Re: PATCH: decreasing memory needlessly consumed by array_agg

From: Tomas Vondra <tomas(dot)vondra(at)2ndquadrant(dot)com>
To:
Cc: "pgsql-hackers(at)postgresql(dot)org" <pgsql-hackers(at)postgresql(dot)org>
Subject: Re: PATCH: decreasing memory needlessly consumed by array_agg
Date: 2015-01-14 21:52:58
Message-ID: 54B6E53A.5040808@2ndquadrant.com
Views: Raw Message | Whole Thread | Download mbox | Resend email
Thread:
Lists: pgsql-hackers

On 12.1.2015 01:28, Ali Akbar wrote:
>
> > Or else we implement what you suggest below (more comments below):
> >
> > Thinking about the 'release' flag a bit more - maybe we
> could do
> > this
> > instead:
> >
> > if (release && astate->private_cxt)
> > MemoryContextDelete(astate->mcontext);
> > else if (release)
> > {
> > pfree(astate->dvalues);
> > pfree(astate->dnulls);
> > pfree(astate);
> > }
> >
> > i.e. either destroy the whole context if possible, and
> just free the
> > memory when using a shared memory context.
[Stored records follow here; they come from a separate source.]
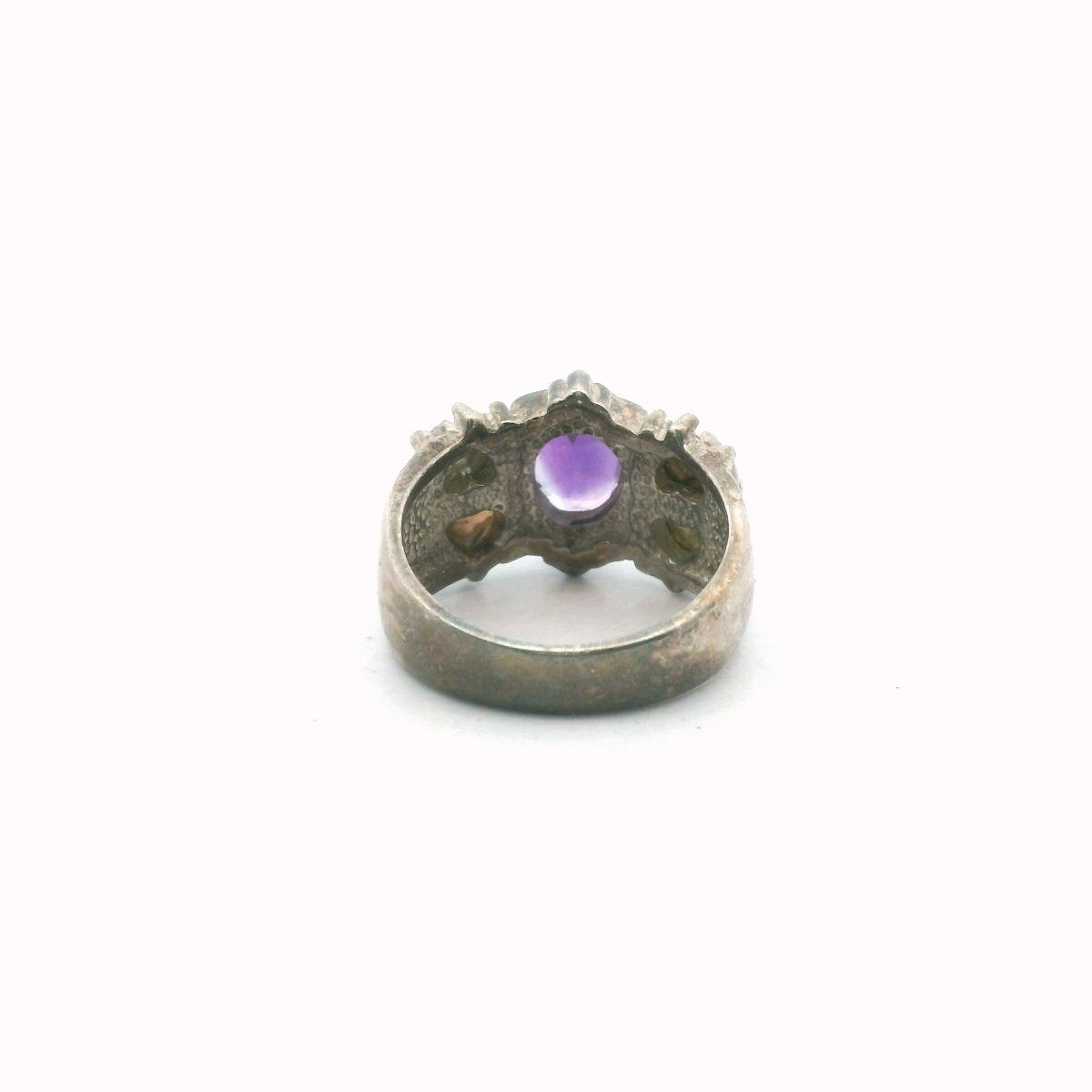 Sterling Silver & 12K Two Tone Gold Amethyst Ring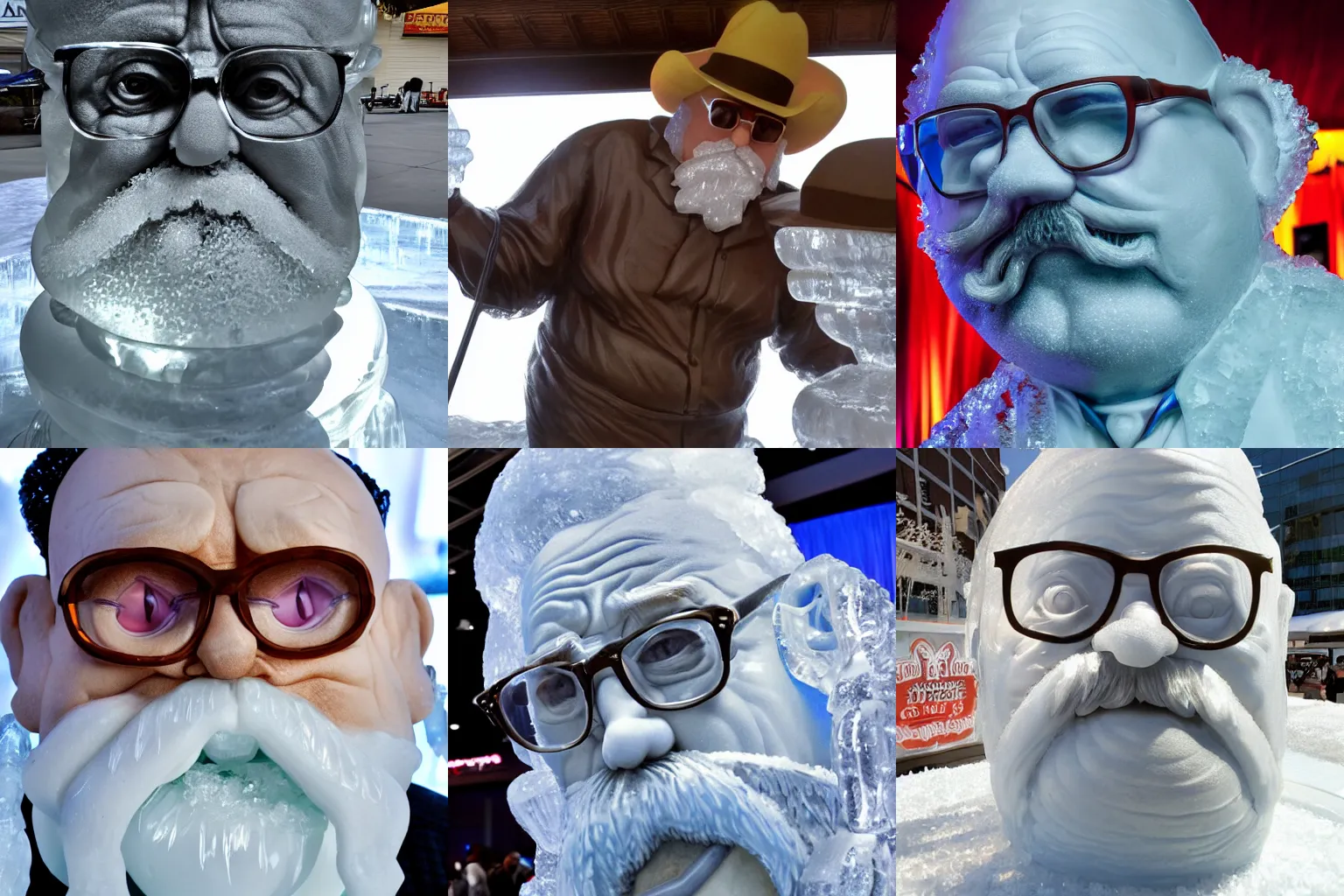 Prompt: closeup ice sculpture of wilford brimley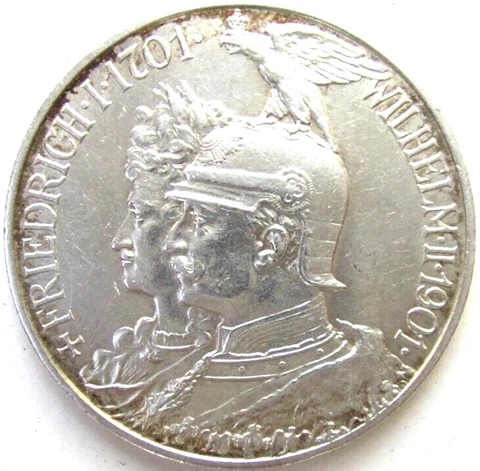 GERMANY - PRUSSIA COIN, 2 MARK 1901, Friedrich I & Wilhelm II, SILVER 0.900 Cover
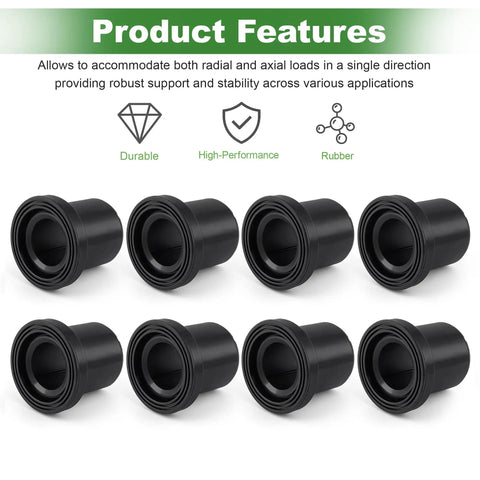 Heavy Duty Eight Piece Suspension Control Arm Bushing Kit Built Different For Smooth John Deere Gator Xuv 625i 825i 855d showing durable black rubber bushings.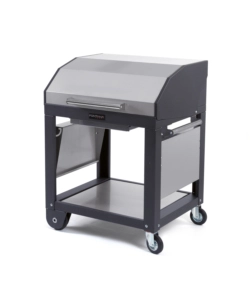 BARBECUE A LEGNA FONTANA "TIRRENO APPOGGIO" COLORE ACCIAIO E GRIGLIA 80X40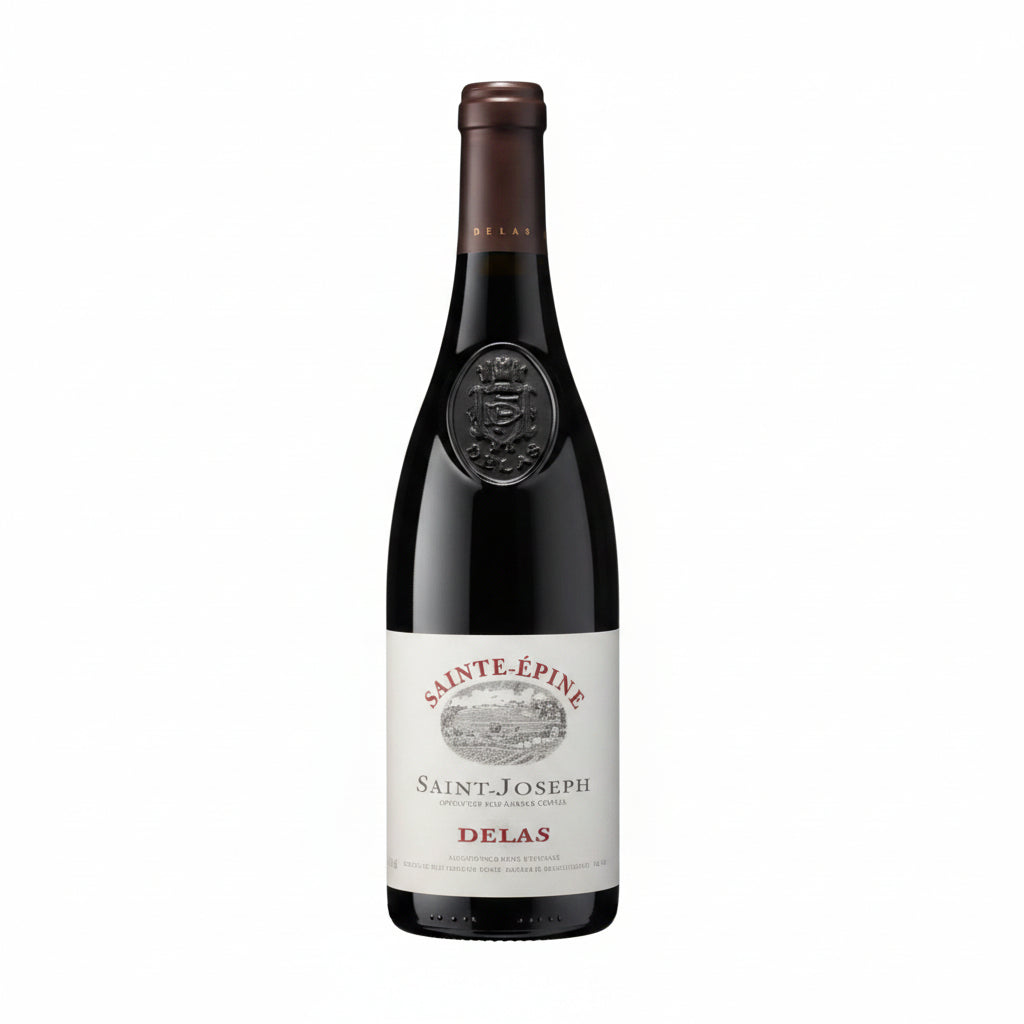 Bottle of Delas Sainte Epine Saint Joseph red wine with a dark glass bottle and elegant label, on a neutral background.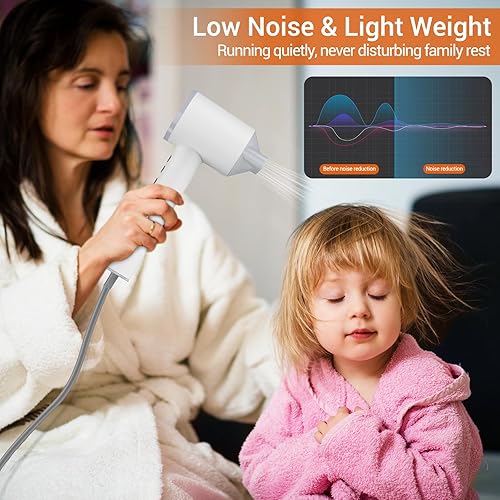 Miniatura 6 de Secador de pelo profesional, secador de pelo iónico de 1600 W con pantalla LED y boquilla magnética, secador de pelo portátil con 4 temperaturas y 3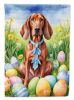 Redbone Coonhound Easter Egg Hunt House Flag Large Porch Sleeve Pole Decorative Outside Yard Banner Artwork Wall Hanging, Polyester, House Size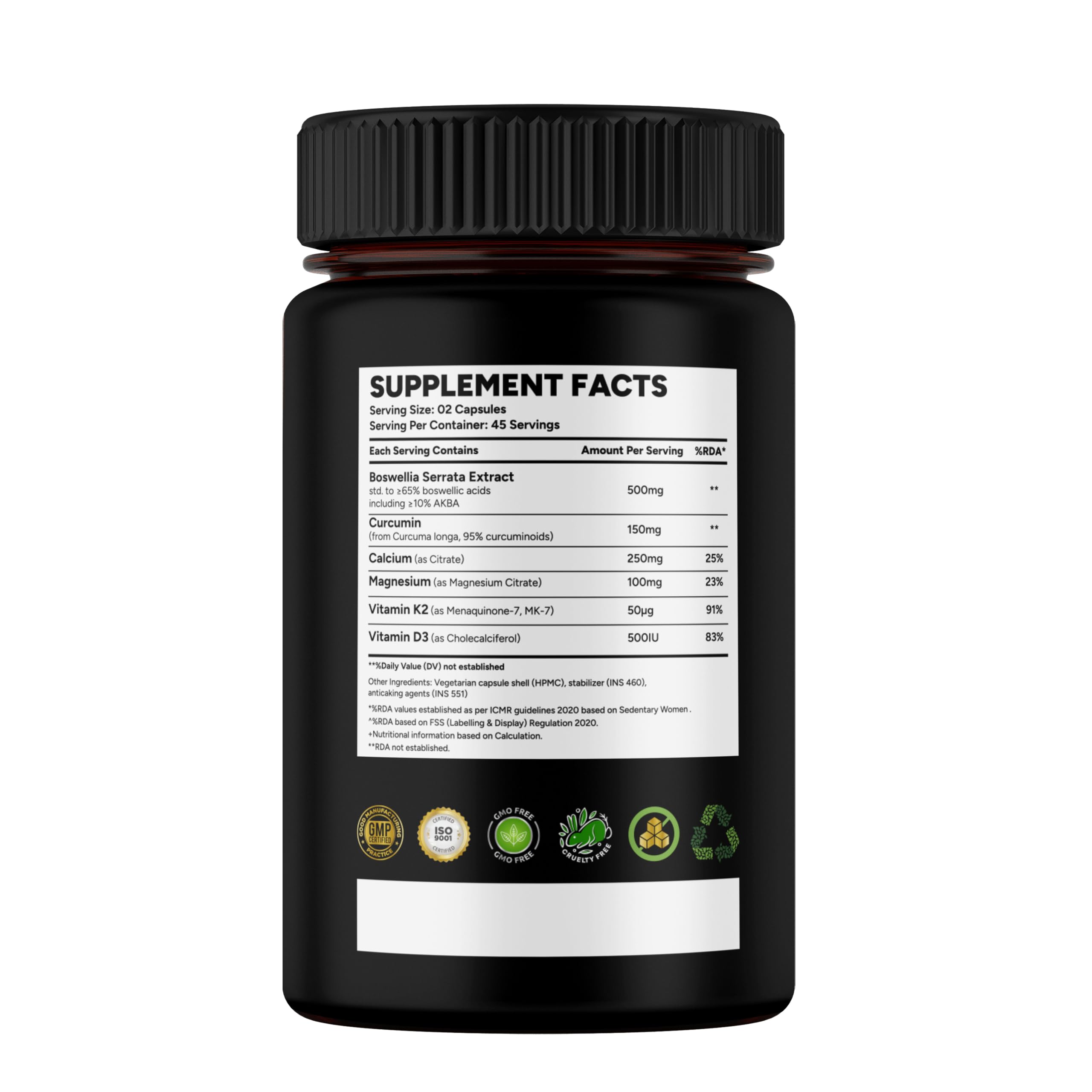 Boswellia Serrata 1000mg Supplement with 70% AKBA, Curcumin 95%, Calcium, Magnesium, Vitamin D3 & K2 | Joint Comfort, Mobility & Bone Health Support | 90 Veg Capsules UJANA Boswellia Serrata with Curcumin 1000 mg, Calcium, Magnesium, Vitamin K2 & D3 | Joint Mobility & Bone Health Support | 90 Vegetarian Capsules — Amazon image 3
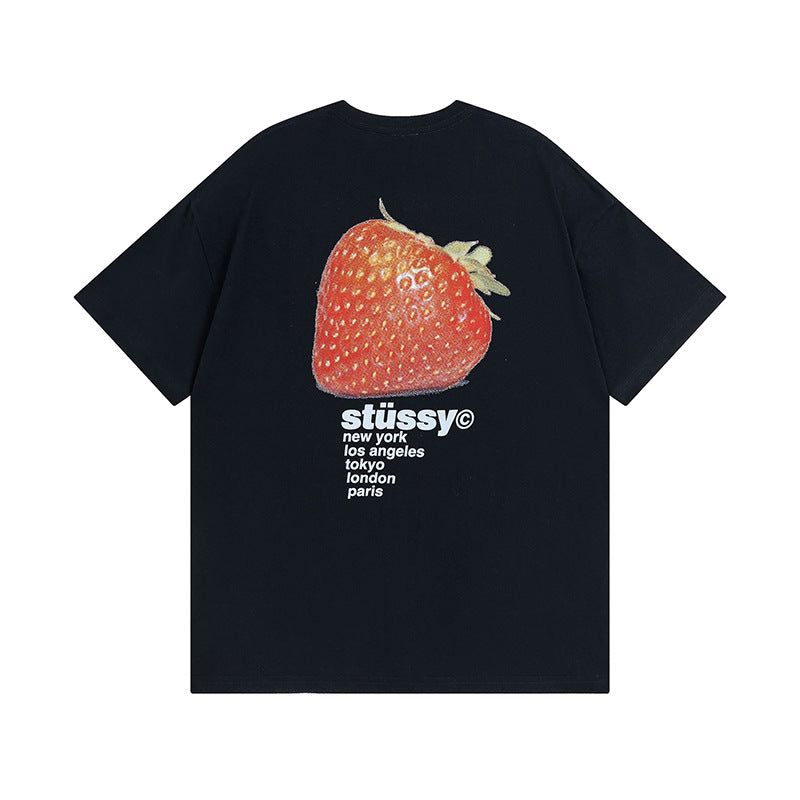 Original 2024 Spring/Summer New Trendy Brand Stu Classic Parade Printed Letter Men's and Women's Same Short Sleeve One Piece Hair Collection (22)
But I'm afraid
> this would
> > penalize the shared memory context, because that's
> intended for
> > cases where all the build states coexist in parallel and
> then at some
> > point are all converted into a result and thrown away.
> Adding pfree()
> > calls is no improvement here, and just wastes cycles.
> >
> >
> > As per Tom's comment, i'm using "parent memory context" instead of
> > "shared memory context" below.
> >
> > In the future, if some code writer decided to use
> subcontext=false,
> > to save memory in cases where there are many array
> accumulation, and
> > the parent memory context is long-living, current code can cause
> > memory leak. So i think we should implement your suggestion
> > (pfreeing astate), and warn the implication in the API
> comment. The
> > API user must choose between release=true, wasting cycles but
> > preventing memory leak, or managing memory from the parent memory
> > context.
>
> I'm wondering whether this is necessary after fixing makeArrayResult to
> use the privat_cxt flag. It's still possible to call makeMdArrayResult
> directly (with the wrong 'release' value).
>
> Another option might be to get rid of the 'release' flag altogether, and
> just use the 'private_cxt' - I'm not aware of a code using release=false
> with private_cxt=true (e.g. to build the same array twice from the same
> astate). But maybe there's such code, and another downside is that it'd
> break the existing API.
>
> > In one possible use case, for efficiency maybe the caller will
> > create a special parent memory context for all array accumulation.
> > Then uses makeArrayResult* with release=false, and in the end
> > releasing the parent memory context once for all.
>
> Yeah, although I'd much rather not break the existing code at all. That
> is - my goal is not to make it slower unless absolutely necessary (and
> in that case the code may be fixed per your suggestion). But I'm not
> convinced it's worth it.
>
>
> OK. Do you think we need to note this in the comments? Something like
> this: If using subcontext=false, the caller must be careful about memory
> usage, because makeArrayResult* will not free the memory used.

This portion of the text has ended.